Records from a data collection:
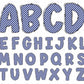 Harry Potter Ravenclaw Alphabet PNG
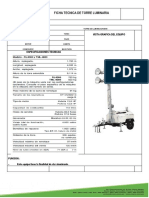 Ficha Tecnica RL4000 Terex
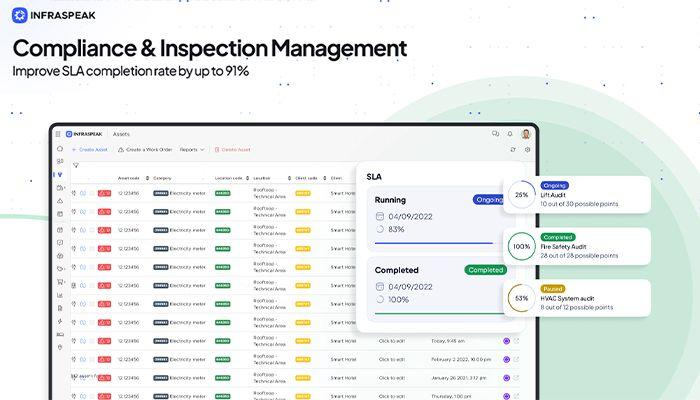 Infraspeak Create flawless preventive maintenance plans custom audits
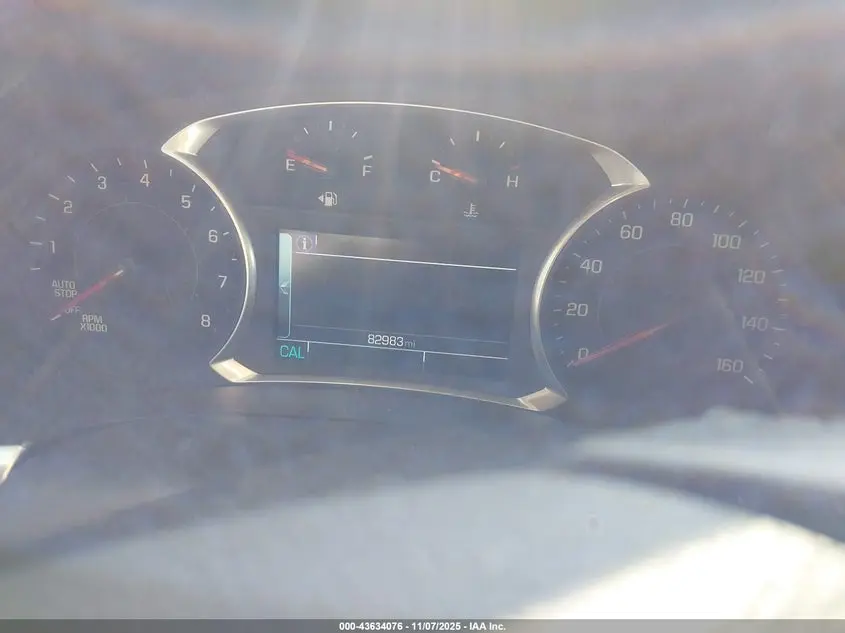 2019 CHEVROLET TRAVERSE 1LT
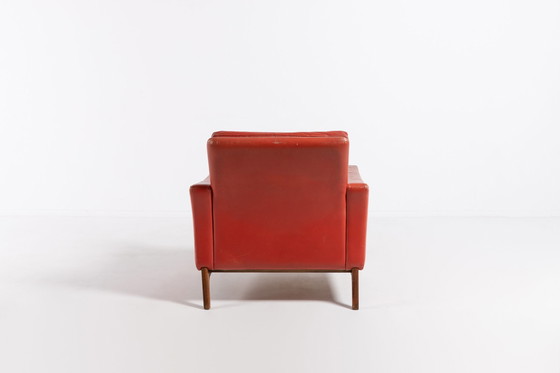 Image 1 of Deense Mid Century Moderne lounge stoel uit 1960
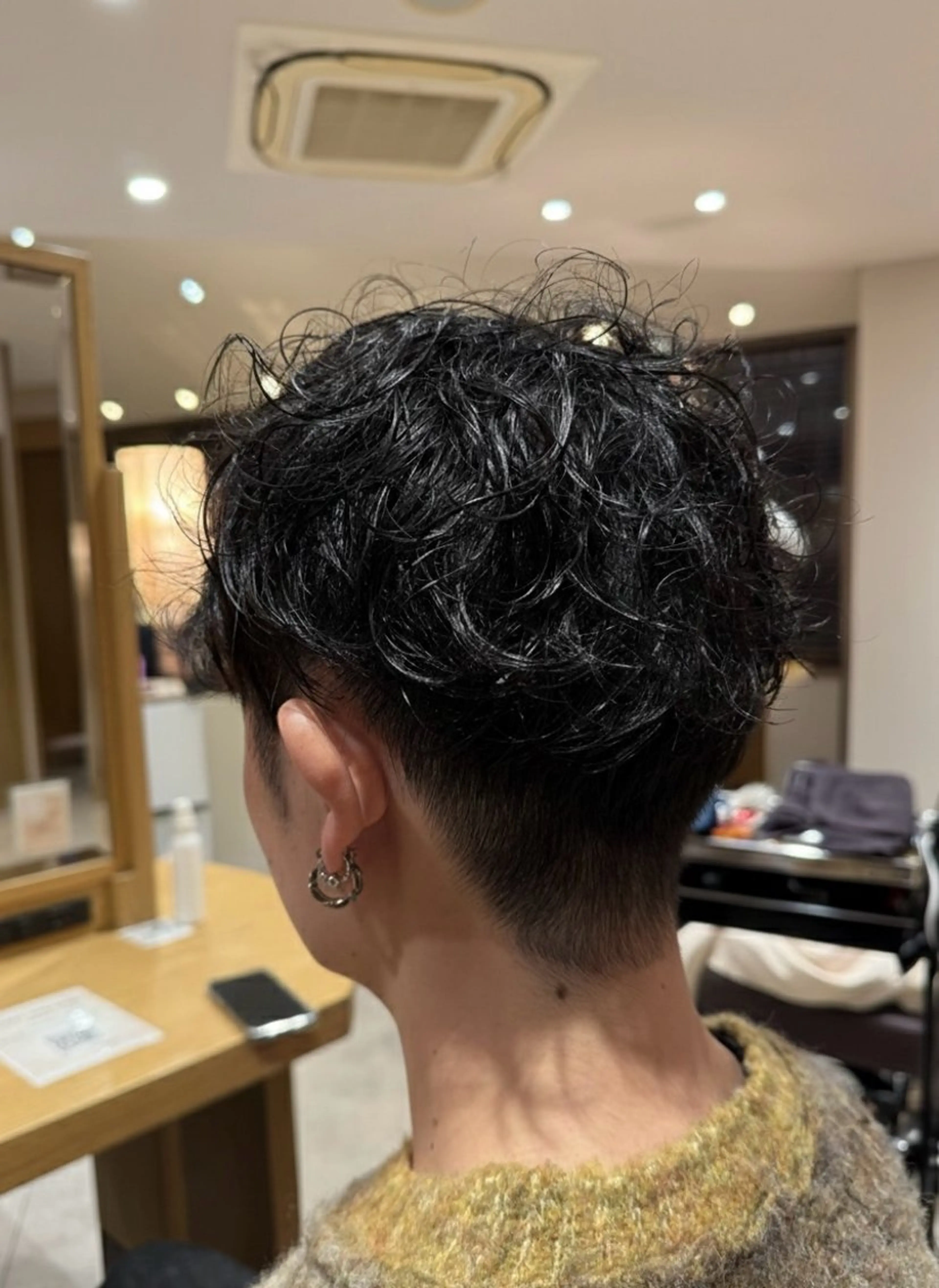ショート カット 津田 幹太のヘアスタイル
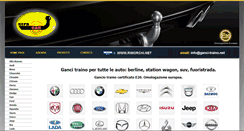 Desktop Screenshot of ganci-traino.net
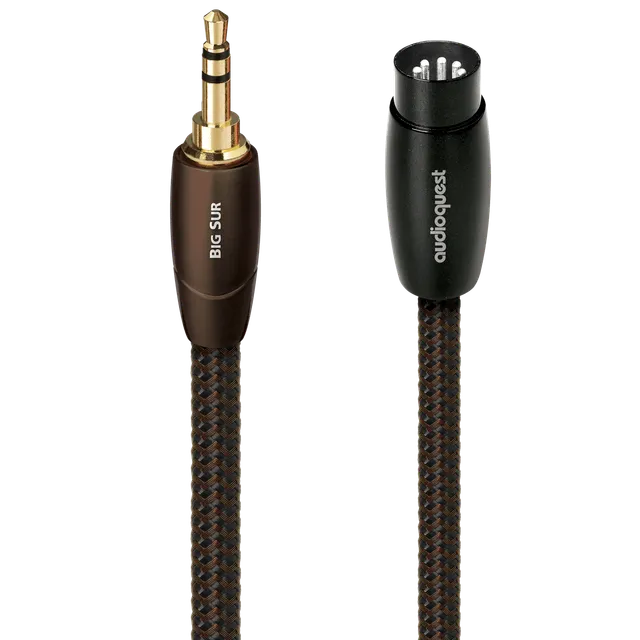 audioquest-big-sur-3-5mm-mini-auf-5-pol-din-audiokabel image 1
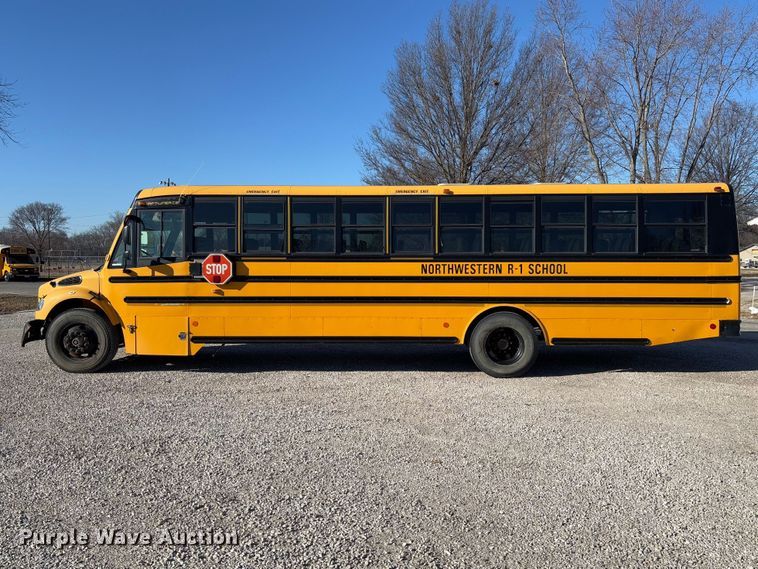 image for item FB3135 2008 Freightliner B2 school bus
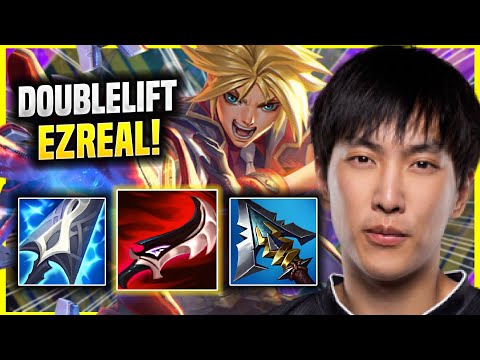 DOUBLELIFT IS A MONSTER WITH EZREAL! - Doublelift Plays Ezreal ADC vs Jinx! | Season 2022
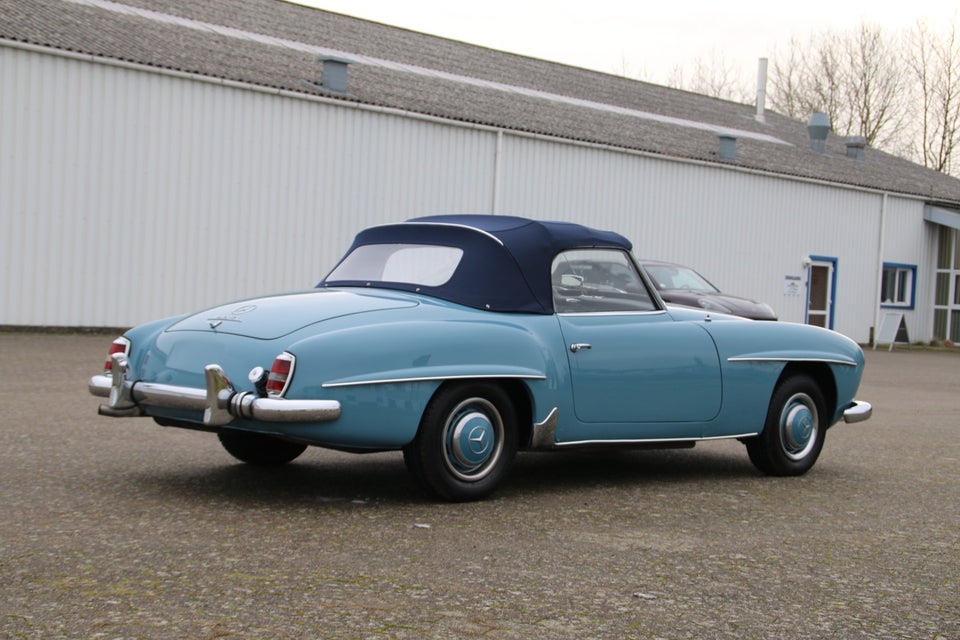 Mercedes 190 SL 1,9 Cabriolet 2d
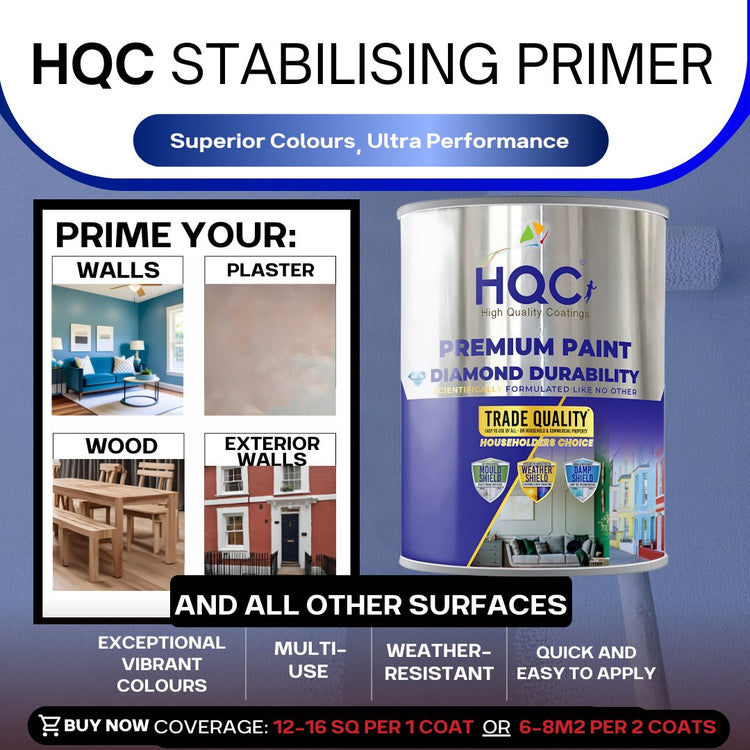 HQC Stabilising Primer - PaintOutlet.co.uk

- _What this task involves_: What is needed is an exact copy of the lines from the line with "Desktop Screenshot of ganci-traino.net" to the end of the data above, both included, without any pictures.

- _Your response_:
 Desktop Screenshot of ganci-traino.net
 audioquest-big-sur-3-5mm-mini-auf-5-pol-din-audiokabel image 1
 image for item FB3135 2008 Freightliner B2 school bus
 DOUBLELIFT IS A MONSTER WITH EZREAL! - Doublelift Plays Ezreal ADC vs Jinx! | Season 2022
 Mercedes 190 SL 1,9 Cabriolet 2d
 HQC Stabilising Primer - PaintOutlet.co.uk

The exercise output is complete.